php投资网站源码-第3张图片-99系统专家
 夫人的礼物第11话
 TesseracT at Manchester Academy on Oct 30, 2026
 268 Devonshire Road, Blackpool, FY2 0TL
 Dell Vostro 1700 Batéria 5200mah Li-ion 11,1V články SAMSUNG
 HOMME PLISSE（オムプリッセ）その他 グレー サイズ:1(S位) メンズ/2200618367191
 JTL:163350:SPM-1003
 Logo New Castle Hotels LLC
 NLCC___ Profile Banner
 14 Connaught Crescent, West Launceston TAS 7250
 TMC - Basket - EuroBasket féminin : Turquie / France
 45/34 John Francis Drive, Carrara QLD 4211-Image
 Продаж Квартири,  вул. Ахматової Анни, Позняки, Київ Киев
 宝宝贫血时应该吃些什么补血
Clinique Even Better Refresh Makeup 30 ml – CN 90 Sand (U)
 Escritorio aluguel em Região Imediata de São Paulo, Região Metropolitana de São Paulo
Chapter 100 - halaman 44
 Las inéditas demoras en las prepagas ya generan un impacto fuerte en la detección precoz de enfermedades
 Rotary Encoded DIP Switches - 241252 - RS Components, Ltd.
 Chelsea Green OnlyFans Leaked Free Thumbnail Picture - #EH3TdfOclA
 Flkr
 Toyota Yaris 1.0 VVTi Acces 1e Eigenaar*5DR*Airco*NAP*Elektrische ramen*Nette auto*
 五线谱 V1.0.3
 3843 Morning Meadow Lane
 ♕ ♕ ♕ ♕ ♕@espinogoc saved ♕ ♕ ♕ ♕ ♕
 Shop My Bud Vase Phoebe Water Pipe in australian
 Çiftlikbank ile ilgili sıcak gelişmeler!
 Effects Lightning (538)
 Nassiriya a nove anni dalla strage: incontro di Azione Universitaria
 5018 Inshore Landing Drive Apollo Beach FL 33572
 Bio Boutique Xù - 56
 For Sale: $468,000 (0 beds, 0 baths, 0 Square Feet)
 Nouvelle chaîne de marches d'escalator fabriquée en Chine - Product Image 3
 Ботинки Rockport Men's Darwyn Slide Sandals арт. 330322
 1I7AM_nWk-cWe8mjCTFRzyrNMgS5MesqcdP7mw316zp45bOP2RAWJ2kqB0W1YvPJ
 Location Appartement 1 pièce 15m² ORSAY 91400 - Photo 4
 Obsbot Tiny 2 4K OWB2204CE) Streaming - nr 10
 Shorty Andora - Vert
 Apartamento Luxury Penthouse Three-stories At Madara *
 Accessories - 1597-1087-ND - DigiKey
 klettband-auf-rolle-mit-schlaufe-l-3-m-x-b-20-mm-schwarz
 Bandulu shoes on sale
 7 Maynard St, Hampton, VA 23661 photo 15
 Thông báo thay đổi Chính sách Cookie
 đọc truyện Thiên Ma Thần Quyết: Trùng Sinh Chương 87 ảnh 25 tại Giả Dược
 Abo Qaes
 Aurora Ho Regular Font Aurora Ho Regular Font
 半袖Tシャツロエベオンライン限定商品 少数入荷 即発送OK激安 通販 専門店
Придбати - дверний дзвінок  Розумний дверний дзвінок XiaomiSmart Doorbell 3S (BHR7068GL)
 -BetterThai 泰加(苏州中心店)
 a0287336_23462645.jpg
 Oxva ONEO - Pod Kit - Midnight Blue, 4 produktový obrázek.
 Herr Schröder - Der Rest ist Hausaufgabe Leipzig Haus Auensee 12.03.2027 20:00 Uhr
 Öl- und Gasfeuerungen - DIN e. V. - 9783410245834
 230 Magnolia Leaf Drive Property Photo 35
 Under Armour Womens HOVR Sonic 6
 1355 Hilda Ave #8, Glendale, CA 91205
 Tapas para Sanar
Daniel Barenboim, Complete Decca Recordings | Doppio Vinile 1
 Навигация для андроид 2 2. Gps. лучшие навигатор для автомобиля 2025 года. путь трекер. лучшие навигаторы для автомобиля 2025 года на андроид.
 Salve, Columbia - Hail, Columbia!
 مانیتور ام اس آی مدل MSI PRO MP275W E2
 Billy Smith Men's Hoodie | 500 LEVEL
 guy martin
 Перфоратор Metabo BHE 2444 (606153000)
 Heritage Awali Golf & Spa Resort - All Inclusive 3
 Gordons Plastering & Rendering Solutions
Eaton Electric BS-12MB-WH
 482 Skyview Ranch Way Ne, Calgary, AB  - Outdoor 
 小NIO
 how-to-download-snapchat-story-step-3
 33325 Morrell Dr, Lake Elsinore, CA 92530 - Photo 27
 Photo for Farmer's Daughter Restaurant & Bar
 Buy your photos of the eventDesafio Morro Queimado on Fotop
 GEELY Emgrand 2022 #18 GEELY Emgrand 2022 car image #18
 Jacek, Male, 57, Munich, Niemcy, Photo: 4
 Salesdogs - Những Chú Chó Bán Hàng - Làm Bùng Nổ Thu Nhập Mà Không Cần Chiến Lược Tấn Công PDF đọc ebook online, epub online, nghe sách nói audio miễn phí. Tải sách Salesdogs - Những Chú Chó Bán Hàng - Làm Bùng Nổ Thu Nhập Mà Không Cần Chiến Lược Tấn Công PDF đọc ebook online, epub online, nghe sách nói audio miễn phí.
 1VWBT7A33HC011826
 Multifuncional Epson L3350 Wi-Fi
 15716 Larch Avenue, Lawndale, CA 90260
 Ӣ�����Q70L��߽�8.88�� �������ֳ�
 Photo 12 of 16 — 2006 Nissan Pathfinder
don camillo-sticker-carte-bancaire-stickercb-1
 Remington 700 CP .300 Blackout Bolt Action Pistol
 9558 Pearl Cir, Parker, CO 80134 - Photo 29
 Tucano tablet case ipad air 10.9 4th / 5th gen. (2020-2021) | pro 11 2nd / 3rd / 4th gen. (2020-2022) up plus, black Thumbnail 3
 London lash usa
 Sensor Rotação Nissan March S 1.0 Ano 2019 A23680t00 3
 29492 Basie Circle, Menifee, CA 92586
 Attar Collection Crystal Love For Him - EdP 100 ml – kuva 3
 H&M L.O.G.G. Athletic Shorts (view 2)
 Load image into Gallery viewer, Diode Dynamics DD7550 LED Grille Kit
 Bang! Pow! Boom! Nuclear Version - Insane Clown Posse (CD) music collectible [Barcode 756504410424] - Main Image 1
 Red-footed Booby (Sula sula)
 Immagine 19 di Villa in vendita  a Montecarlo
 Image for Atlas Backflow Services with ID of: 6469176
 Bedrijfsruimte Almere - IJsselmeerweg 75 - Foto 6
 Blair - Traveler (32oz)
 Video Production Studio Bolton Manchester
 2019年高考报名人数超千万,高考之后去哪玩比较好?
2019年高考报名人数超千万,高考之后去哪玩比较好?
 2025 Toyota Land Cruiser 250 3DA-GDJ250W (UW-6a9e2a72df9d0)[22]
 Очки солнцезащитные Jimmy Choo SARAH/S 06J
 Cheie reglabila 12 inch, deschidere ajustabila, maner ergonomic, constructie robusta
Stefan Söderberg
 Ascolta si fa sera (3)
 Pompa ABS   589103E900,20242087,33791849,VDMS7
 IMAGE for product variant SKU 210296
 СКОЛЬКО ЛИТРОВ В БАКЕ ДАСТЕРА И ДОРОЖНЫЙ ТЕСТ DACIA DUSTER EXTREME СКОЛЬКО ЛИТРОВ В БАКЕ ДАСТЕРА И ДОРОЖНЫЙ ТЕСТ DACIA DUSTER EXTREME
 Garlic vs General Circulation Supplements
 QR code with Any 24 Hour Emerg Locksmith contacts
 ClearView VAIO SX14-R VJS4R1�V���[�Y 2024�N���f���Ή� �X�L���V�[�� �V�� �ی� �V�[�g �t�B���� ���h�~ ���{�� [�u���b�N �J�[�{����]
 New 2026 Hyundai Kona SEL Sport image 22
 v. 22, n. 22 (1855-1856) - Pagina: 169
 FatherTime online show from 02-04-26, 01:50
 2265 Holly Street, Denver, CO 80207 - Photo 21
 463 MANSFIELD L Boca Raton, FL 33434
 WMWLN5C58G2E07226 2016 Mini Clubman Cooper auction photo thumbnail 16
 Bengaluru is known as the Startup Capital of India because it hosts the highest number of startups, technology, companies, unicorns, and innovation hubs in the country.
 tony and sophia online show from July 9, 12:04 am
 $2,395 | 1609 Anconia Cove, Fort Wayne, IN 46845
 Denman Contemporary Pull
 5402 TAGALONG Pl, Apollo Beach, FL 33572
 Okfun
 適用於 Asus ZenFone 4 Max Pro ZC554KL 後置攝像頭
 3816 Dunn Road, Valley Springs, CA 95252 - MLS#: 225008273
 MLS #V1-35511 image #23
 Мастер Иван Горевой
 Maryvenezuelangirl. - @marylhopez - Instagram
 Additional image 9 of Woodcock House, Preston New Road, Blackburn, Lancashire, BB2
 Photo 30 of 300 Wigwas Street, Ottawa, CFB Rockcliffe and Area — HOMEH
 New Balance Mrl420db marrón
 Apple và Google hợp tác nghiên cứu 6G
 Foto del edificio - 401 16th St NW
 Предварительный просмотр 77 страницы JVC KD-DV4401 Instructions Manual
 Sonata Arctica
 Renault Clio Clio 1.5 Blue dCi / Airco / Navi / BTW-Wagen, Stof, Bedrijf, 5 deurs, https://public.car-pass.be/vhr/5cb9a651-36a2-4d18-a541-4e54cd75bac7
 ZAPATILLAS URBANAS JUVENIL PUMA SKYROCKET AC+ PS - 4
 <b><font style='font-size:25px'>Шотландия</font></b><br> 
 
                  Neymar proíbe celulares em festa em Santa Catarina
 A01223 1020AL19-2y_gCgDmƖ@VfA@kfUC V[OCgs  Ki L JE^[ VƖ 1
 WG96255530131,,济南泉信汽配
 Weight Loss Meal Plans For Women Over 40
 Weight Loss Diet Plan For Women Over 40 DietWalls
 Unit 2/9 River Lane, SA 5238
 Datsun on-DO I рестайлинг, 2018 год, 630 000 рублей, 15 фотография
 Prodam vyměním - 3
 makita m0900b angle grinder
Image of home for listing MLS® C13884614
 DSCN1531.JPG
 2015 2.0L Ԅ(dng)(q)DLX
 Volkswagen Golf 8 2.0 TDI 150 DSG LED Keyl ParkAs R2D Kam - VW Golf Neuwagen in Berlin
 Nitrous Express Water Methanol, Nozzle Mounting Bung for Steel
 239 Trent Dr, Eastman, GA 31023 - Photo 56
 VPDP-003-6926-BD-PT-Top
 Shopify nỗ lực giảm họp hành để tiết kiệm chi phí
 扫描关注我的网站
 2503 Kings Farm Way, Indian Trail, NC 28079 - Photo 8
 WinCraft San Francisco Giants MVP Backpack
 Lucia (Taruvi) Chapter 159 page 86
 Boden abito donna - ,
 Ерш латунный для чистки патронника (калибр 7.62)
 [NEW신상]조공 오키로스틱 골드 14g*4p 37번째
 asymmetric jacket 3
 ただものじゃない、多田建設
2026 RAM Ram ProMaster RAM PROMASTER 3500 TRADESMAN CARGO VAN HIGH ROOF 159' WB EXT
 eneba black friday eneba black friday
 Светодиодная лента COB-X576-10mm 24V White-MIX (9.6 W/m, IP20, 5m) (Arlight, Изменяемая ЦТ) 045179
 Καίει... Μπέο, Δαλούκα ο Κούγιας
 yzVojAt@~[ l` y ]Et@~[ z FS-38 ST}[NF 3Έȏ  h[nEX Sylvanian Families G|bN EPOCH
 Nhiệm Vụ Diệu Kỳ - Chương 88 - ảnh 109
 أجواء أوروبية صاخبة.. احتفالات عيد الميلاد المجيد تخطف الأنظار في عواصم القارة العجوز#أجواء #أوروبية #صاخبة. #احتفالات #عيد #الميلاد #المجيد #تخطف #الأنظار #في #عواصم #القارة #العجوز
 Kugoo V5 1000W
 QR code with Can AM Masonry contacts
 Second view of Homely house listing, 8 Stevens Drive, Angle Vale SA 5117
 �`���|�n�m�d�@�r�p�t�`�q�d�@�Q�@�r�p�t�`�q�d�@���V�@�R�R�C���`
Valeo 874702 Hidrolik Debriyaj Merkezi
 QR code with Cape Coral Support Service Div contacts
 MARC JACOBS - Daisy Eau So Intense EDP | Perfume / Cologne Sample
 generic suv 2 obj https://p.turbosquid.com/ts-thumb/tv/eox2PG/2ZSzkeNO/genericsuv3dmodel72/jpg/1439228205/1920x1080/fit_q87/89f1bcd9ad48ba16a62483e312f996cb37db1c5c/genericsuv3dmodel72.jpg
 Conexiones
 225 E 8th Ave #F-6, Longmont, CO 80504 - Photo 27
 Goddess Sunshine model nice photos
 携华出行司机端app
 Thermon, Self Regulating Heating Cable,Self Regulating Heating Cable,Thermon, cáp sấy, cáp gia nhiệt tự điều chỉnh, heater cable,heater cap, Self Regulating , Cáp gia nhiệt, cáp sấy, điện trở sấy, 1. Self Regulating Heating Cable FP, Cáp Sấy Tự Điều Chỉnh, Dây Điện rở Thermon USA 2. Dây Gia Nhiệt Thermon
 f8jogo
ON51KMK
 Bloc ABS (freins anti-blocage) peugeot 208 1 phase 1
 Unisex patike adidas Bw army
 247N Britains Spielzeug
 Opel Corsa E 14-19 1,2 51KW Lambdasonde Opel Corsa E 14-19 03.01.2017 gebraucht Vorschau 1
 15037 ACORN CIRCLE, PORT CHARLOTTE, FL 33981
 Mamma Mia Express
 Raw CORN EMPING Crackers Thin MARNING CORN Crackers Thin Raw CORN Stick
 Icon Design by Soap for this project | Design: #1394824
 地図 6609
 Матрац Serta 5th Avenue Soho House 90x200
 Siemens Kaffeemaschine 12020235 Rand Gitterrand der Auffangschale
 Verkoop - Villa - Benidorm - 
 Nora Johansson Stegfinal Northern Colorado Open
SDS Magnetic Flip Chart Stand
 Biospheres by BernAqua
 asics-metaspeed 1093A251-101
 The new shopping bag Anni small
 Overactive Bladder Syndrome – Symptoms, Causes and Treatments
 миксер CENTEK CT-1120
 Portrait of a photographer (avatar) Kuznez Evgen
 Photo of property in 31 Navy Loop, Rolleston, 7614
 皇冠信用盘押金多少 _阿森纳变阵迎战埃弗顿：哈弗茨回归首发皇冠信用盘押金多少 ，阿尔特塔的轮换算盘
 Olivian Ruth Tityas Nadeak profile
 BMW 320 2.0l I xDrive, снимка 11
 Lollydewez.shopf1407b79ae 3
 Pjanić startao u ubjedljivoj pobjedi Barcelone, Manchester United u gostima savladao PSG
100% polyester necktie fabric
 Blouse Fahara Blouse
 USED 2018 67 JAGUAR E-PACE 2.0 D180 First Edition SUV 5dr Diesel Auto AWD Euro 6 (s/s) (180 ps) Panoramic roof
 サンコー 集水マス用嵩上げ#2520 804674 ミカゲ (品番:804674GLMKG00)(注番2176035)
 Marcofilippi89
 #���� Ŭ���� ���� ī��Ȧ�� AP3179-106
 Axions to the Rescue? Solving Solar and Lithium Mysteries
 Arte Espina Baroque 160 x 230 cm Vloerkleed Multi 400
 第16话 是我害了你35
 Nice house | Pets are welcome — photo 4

##############################

▶ _What is required_: Could you copy exactly the lines from the first line of the records above through the line containing "Chapter 100 - halaman 44", both included, and nothing else?

▶ _Answer section_:
php投资网站源码-第3张图片-99系统专家
 夫人的礼物第11话
 TesseracT at Manchester Academy on Oct 30, 2026
 268 Devonshire Road, Blackpool, FY2 0TL
 Dell Vostro 1700 Batéria 5200mah Li-ion 11,1V články SAMSUNG
 HOMME PLISSE（オムプリッセ）その他 グレー サイズ:1(S位) メンズ/2200618367191
 JTL:163350:SPM-1003
 Logo New Castle Hotels LLC
 NLCC___ Profile Banner
 14 Connaught Crescent, West Launceston TAS 7250
 TMC - Basket - EuroBasket féminin : Turquie / France
 45/34 John Francis Drive, Carrara QLD 4211-Image
 Продаж Квартири,  вул. Ахматової Анни, Позняки, Київ Киев
 宝宝贫血时应该吃些什么补血
Clinique Even Better Refresh Makeup 30 ml – CN 90 Sand (U)
 Escritorio aluguel em Região Imediata de São Paulo, Região Metropolitana de São Paulo
Chapter 100 - halaman 44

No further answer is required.